When I was invited by The Players’ Tribune and the NFL to be a credentialed photographer on the sidelines during the Super Bowl, I said, 'I’ll do it' before they even finished their question. Seriously, that’s a dream offer...

...I’ve got a lot of interests outside of basketball, and one of them is doing things I haven’t done before, like stepping into the shoes of a photographer and learning about what it’s all about. I may be just starting out, but I also like to think that at my height, I might have some different angles than other photographers. After all, you’ve gotta play up your strengths.

Durant goes on to say that this "dream opportunity" almost did not happen. Leaving with his team, the Oklahoma City Thunder, from Orlando to Oakland, he almost forgot his camera.

What did I forget? I kept driving, but it was still bothering me. Then it hit me: the black bag on the dresser. My Canon 7D. My camera was in there.
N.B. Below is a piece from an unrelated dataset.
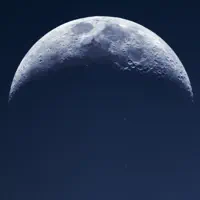 聆聽 undefined、觀看音樂影片、閱讀小傳、查看巡演日期等！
I was able to turn around and swoop it up and still make it to the airport with a couple minutes to spare. Coach Donovan, thanks for not leaving without me. Moral of the story: show up with the right tools for the job. This weekend, I guess I had two jobs.

 

Photo by Kevin Durant/Player's Tribune

Photo by Kevin Durant/Player's Tribune

I’m learning how tough these action shots are to get; they happen so fast. It’s hectic following the action, then checking your settings in-between plays. It’s a lot of guessing and adjusting as you go... The biggest thing I learned is something I knew on a certain level, but didn’t know until tonight: sports photography is hard work, and it takes a lot of skill and focus in a crazy atmosphere with a lot of distractions. I have a ton of respect for the people who do this as a profession.

Adding to this story when he received his photographer's vest given out to all credentialed photographers, the vest turned out to be too small for his 6'11" frame. "I know it was a requirement to wear the vest on the field as a credentialed photographer … but I don’t know what to say. It was too small," Durant said. 

To view his full gallery and story, take a look here on the Player's Tribune.

So, what do you think? How did he fare on the sidelines? Should he quit his day job for photography?

Images used with permission.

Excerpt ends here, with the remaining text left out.